The meta-data file provides a convenient and faster way to retrieve tweets from the base files. The meta-data file holds the start and the end tweet-id of all base files. So, given a tweet-id file (e.g., a language or a country), the provided script determines which base files to parse to retrieve tweets matching the ids instead of parsing all two billion tweets.
meta_file_monthly_ids_range.tsv file lists range of tweet IDs (between Start_id and End_id) contained in the specific monthly base file as follows:
| File_name | Start_id | End_id |
|---|---|---|
| february_2020_f1.tsv | 1223395535882768385 | 1231201257739649025 |
In the folder parsers, there are two scripts that are needed to extract the tweet details from base release files, given a specific language or country IDs file.
- meta_file_parser.py requires two arguments as input.
- Country/Language IDs file
- meta_file_monthly_ids_range.tsv
Sample to run the script is as follows:
python meta_file_parser.py [IDs file] meta_data/meta_file_monthly_ids_range.tsv
And it creates an output file name required_monthly_files.txt
The contents of the above file look something like this:
february_2020_f3.tsv
february_2020_f2.tsv
february_2020_f1.tsvDownload the above files from Crisis-NLP TBCov
It lists the monthly base files required to extract the full data from IDs files.
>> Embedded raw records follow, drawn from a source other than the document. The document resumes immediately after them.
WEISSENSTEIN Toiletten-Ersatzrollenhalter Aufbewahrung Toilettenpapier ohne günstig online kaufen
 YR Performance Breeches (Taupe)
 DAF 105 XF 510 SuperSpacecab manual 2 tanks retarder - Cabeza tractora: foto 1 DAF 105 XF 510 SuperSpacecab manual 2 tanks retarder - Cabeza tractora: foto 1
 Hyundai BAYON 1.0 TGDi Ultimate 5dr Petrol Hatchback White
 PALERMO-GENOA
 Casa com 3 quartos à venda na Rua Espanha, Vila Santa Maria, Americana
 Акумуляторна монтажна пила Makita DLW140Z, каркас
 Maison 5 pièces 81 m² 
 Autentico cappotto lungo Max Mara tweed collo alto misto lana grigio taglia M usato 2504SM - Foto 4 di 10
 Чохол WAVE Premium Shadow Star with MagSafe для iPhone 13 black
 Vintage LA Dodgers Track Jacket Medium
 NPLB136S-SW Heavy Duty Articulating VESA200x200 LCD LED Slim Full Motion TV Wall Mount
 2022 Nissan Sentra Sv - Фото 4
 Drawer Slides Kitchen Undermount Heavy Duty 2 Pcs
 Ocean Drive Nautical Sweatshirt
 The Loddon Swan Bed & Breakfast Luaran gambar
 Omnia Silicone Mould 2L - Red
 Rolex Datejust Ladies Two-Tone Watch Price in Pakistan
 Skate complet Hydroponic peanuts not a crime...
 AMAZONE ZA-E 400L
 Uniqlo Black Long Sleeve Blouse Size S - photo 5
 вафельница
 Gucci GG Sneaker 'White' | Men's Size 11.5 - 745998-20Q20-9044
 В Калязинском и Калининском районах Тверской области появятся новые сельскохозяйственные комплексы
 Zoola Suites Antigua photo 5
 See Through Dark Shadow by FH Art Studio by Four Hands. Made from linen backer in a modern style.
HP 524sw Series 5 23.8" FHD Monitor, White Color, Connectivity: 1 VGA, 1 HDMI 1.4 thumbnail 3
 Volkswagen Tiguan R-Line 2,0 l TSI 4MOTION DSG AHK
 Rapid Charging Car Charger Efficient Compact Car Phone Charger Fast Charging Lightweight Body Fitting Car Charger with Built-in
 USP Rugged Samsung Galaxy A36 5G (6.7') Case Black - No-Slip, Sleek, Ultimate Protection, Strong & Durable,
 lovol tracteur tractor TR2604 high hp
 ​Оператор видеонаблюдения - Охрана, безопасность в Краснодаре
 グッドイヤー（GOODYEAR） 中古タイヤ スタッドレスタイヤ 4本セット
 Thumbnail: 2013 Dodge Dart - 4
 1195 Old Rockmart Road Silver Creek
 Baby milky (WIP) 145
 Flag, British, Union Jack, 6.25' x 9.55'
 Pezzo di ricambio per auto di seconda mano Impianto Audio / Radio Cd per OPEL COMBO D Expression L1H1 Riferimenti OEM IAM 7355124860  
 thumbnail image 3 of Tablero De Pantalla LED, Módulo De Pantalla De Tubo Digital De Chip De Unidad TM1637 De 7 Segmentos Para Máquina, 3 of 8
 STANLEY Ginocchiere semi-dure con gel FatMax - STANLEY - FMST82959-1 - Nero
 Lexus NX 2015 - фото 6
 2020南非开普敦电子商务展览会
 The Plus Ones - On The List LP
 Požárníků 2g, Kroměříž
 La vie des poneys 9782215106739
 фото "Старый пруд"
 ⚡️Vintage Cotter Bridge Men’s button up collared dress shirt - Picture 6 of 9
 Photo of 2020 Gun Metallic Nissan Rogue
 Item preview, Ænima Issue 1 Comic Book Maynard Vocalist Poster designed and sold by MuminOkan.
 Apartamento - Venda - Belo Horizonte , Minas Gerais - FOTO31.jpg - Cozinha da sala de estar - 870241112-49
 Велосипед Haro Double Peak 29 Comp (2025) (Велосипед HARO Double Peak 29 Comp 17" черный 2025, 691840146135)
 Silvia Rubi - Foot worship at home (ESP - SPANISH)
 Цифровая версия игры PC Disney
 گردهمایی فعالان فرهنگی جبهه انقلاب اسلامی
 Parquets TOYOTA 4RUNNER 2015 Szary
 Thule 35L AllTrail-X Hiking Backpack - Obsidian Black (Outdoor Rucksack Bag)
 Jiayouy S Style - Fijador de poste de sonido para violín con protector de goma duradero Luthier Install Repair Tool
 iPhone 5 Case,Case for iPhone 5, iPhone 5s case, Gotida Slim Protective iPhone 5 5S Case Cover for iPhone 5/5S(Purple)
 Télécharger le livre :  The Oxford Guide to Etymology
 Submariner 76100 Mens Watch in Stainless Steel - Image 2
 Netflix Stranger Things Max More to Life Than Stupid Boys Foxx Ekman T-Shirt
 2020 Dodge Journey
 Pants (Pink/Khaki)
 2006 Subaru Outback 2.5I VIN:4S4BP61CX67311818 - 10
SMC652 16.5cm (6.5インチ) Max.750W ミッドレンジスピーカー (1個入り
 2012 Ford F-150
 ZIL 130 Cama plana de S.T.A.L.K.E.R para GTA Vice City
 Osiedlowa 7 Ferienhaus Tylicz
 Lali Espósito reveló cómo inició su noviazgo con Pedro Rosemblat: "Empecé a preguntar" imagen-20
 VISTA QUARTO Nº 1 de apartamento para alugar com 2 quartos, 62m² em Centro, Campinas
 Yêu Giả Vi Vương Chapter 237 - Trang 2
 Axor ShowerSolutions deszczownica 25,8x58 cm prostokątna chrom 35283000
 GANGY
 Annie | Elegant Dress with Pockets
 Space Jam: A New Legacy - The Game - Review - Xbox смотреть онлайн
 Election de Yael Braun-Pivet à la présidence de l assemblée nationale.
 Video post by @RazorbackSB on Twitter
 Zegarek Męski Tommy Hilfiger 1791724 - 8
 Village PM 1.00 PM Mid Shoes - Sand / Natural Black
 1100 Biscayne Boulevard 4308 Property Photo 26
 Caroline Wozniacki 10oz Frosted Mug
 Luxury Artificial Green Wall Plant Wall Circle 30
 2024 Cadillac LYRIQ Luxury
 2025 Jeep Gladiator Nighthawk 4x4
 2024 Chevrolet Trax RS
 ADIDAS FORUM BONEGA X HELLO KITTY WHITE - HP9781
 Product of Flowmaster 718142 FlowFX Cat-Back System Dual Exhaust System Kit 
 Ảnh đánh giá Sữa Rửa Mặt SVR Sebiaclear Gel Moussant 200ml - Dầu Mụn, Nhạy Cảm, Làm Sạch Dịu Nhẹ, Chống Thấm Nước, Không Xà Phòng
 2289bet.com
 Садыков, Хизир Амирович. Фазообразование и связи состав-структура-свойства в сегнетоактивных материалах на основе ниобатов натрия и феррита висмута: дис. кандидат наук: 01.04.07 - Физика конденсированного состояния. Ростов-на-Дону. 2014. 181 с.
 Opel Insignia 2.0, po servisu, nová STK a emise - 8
Make sure to download the full monthly base zip file to get the individual files stated in the above required_monthly_files.txt file.
Each line indicates which monthly base file is required for download so that it can be used to extract tweet details with the help of the next script.
- base_file_data_extractor.py requires three arguments as input.
required_monthly_files.txtwhich the output of the previous script- Country/Language IDs file
- Base release files path (expects '/' at the end - for example - /home/downloads/)
Sample to run the script is as follows:
python base_file_data_extractor.py required_monthly_files.txt test_for_meta_parsing.txt '/some/path/'
The output will be a .tsv file which will have the same formate as montly base files.